_WHAT TO WORK ON:_
From the entries below, copy exactly the lines from the one that contains "APTO2 para alugar na cidade de FORTALEZA-CE" through the one that contains "Chalet Marion Apartment in Chamonix", both included, and only those.

_EXERCISE DATA:_

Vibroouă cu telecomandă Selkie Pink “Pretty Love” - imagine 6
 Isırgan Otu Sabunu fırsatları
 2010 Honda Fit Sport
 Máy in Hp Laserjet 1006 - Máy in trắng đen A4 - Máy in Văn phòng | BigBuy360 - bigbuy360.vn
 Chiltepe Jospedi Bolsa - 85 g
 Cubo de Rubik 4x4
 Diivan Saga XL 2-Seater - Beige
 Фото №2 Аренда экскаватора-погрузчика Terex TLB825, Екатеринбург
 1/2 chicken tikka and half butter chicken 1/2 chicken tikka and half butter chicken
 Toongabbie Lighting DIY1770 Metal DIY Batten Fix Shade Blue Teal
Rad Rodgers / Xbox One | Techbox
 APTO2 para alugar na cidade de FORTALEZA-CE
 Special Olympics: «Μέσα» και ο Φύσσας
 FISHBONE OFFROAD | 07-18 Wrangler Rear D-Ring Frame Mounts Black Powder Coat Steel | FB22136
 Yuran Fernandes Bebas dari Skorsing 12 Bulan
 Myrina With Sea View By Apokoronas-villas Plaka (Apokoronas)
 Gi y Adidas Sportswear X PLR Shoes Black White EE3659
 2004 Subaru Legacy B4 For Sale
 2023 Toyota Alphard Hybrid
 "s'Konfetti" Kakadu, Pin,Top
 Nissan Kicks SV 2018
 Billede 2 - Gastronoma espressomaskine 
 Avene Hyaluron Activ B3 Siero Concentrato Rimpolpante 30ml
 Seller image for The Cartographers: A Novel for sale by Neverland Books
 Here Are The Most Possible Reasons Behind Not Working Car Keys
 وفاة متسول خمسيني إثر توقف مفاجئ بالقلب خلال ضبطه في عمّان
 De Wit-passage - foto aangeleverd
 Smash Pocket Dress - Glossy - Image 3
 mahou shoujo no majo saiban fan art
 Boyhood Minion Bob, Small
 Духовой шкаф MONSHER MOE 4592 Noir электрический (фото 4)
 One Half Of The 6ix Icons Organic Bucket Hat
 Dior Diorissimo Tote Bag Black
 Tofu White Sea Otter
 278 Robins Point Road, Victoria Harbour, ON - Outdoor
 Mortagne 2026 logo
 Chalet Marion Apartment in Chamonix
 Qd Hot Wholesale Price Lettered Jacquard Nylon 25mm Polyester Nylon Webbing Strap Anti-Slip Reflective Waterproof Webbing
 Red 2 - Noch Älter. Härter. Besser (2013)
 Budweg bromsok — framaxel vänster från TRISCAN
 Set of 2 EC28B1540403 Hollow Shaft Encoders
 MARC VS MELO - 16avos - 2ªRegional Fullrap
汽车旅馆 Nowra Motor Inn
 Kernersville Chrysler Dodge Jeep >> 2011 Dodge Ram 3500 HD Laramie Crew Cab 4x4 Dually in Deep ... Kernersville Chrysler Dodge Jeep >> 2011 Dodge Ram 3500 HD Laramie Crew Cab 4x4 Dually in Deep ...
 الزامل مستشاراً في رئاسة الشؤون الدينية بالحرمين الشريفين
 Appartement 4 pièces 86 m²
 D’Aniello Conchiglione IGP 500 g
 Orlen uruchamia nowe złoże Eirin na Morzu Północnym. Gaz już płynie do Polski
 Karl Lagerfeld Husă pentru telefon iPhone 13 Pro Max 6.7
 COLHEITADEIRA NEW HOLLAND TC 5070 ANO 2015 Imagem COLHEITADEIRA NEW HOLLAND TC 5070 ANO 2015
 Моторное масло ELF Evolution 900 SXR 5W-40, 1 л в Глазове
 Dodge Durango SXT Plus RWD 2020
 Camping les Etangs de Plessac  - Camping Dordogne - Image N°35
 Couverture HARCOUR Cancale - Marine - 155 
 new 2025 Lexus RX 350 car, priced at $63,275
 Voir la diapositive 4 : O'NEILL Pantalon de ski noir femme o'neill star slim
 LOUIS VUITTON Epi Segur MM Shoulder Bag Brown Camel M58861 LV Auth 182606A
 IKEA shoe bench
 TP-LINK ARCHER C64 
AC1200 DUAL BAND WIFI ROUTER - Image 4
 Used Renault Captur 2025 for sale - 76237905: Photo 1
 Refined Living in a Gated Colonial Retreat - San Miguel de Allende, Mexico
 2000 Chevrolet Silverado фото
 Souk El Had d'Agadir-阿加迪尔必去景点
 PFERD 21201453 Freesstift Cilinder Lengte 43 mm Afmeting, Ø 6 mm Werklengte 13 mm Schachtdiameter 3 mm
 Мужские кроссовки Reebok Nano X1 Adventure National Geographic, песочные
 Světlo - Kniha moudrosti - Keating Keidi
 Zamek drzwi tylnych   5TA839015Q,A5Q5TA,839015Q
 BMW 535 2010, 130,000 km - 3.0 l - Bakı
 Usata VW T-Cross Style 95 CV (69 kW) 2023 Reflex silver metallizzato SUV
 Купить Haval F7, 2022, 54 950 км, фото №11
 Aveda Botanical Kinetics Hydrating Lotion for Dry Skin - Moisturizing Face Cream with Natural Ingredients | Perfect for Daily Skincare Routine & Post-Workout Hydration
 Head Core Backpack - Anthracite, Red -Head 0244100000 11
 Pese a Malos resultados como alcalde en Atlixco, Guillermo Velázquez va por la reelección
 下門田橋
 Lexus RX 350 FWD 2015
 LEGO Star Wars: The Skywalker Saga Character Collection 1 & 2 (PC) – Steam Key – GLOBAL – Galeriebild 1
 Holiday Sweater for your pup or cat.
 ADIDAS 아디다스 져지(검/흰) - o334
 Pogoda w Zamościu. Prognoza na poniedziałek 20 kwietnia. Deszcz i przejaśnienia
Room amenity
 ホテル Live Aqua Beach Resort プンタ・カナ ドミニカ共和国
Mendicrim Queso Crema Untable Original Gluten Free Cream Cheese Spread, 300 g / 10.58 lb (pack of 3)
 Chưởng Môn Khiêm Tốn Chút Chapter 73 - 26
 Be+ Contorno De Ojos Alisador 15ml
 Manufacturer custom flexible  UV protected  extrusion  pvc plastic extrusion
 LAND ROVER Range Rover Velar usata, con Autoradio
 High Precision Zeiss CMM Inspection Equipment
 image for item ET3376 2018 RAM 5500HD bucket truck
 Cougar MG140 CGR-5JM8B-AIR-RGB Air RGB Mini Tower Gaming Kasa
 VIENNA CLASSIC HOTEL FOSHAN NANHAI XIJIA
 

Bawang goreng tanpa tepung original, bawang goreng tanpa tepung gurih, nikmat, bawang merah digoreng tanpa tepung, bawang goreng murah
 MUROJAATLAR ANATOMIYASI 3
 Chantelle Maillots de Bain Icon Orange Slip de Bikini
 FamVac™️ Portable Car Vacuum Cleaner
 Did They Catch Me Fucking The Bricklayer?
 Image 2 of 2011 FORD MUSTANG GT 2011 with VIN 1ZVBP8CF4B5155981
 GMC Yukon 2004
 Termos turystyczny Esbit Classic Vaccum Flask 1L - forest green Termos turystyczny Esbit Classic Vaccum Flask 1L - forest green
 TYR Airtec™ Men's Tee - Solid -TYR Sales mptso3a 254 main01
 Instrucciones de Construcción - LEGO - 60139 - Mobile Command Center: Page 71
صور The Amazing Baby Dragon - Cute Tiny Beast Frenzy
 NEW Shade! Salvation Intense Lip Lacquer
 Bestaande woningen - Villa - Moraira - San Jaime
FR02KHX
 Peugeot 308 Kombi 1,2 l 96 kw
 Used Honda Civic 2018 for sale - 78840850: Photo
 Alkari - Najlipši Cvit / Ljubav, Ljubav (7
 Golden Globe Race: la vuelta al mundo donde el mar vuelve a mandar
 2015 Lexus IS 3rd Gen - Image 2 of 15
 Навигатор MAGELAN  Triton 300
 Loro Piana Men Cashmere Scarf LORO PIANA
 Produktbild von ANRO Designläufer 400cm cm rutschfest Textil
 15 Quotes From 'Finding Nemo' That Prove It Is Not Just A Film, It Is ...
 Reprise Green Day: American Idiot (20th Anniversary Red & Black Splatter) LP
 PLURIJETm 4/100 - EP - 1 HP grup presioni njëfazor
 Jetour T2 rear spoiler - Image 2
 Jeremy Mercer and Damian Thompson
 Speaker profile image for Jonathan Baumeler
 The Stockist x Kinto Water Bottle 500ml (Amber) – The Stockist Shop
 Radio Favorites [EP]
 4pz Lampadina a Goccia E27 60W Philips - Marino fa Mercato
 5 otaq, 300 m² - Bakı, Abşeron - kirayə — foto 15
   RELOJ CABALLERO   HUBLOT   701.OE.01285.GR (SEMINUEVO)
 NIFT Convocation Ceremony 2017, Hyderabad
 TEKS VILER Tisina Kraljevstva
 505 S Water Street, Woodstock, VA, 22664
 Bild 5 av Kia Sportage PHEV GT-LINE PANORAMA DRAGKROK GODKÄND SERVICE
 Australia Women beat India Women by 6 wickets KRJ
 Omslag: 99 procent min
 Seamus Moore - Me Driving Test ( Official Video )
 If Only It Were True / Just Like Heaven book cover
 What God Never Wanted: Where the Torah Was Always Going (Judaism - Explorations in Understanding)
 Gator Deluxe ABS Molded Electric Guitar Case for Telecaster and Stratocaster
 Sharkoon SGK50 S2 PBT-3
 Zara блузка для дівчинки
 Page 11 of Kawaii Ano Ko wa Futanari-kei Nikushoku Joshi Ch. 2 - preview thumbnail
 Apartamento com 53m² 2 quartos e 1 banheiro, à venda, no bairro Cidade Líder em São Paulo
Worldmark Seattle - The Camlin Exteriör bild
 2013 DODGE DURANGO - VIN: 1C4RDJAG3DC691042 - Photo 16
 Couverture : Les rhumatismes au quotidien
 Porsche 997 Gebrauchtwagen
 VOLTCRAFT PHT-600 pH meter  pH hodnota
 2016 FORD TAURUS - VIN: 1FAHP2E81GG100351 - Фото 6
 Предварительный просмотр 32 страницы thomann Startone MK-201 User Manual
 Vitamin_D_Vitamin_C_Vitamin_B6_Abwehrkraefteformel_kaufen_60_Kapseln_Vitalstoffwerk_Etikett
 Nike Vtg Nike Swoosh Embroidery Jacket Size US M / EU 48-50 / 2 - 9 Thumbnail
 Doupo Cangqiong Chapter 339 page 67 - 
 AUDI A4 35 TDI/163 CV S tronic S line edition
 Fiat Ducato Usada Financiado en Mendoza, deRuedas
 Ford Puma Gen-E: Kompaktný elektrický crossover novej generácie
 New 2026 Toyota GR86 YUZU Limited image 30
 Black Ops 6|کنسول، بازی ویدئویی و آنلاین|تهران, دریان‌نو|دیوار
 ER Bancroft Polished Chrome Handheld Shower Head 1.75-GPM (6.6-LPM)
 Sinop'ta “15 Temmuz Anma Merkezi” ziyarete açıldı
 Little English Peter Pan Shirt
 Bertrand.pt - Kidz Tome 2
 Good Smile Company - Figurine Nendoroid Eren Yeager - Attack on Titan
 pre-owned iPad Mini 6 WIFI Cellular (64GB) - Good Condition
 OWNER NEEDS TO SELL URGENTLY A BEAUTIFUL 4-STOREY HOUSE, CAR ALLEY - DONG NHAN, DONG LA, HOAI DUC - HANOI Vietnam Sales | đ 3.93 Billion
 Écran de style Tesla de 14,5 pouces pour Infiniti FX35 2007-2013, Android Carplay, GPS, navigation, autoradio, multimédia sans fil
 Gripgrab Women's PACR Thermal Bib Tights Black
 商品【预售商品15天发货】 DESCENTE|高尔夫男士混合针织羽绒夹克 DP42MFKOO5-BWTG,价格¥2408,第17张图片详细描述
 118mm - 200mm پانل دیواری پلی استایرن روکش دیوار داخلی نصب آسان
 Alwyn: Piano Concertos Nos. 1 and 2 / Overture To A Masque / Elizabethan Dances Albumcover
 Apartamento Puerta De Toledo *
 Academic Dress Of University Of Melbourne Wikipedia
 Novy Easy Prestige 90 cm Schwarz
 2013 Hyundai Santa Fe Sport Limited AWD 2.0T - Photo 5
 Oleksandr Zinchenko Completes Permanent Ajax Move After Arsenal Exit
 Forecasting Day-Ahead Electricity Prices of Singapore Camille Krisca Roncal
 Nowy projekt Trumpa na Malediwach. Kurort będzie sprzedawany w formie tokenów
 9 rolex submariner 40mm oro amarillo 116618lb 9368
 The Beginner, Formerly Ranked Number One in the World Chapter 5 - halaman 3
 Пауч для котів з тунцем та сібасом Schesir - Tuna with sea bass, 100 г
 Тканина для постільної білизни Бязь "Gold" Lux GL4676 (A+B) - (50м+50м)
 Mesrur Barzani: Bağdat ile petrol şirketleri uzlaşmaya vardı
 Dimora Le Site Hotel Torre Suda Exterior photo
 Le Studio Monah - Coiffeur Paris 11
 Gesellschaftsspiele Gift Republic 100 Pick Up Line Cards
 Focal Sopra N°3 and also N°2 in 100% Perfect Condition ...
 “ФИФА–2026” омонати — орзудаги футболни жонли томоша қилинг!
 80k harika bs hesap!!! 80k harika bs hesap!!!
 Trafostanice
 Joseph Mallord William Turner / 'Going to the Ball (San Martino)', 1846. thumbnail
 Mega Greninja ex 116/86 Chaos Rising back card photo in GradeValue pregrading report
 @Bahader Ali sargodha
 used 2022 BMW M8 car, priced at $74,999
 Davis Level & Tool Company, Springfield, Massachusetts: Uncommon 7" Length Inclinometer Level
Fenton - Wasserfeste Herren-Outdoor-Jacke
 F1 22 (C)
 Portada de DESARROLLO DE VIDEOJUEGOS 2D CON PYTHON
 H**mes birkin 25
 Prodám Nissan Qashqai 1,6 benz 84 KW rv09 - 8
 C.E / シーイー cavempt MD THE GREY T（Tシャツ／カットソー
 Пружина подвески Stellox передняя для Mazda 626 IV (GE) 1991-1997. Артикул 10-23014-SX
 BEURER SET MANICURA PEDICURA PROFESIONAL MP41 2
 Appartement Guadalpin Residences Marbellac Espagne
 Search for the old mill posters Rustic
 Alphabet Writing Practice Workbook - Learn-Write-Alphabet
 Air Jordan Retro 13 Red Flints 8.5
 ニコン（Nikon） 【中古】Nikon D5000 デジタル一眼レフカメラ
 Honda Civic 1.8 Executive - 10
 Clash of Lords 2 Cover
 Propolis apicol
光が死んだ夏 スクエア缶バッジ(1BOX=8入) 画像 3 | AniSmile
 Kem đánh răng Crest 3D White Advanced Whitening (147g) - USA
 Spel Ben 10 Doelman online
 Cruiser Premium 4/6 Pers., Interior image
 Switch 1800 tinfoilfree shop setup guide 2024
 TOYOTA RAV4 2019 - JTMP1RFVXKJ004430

_FINAL ANSWER:_
 APTO2 para alugar na cidade de FORTALEZA-CE
 Special Olympics: «Μέσα» και ο Φύσσας
 FISHBONE OFFROAD | 07-18 Wrangler Rear D-Ring Frame Mounts Black Powder Coat Steel | FB22136
 Yuran Fernandes Bebas dari Skorsing 12 Bulan
 Myrina With Sea View By Apokoronas-villas Plaka (Apokoronas)
 Gi y Adidas Sportswear X PLR Shoes Black White EE3659
 2004 Subaru Legacy B4 For Sale
 2023 Toyota Alphard Hybrid
 "s'Konfetti" Kakadu, Pin,Top
 Nissan Kicks SV 2018
 Billede 2 - Gastronoma espressomaskine 
 Avene Hyaluron Activ B3 Siero Concentrato Rimpolpante 30ml
 Seller image for The Cartographers: A Novel for sale by Neverland Books
 Here Are The Most Possible Reasons Behind Not Working Car Keys
 وفاة متسول خمسيني إثر توقف مفاجئ بالقلب خلال ضبطه في عمّان
 De Wit-passage - foto aangeleverd
 Smash Pocket Dress - Glossy - Image 3
 mahou shoujo no majo saiban fan art
 Boyhood Minion Bob, Small
 Духовой шкаф MONSHER MOE 4592 Noir электрический (фото 4)
 One Half Of The 6ix Icons Organic Bucket Hat
 Dior Diorissimo Tote Bag Black
 Tofu White Sea Otter
 278 Robins Point Road, Victoria Harbour, ON - Outdoor
 Mortagne 2026 logo
 Chalet Marion Apartment in Chamonix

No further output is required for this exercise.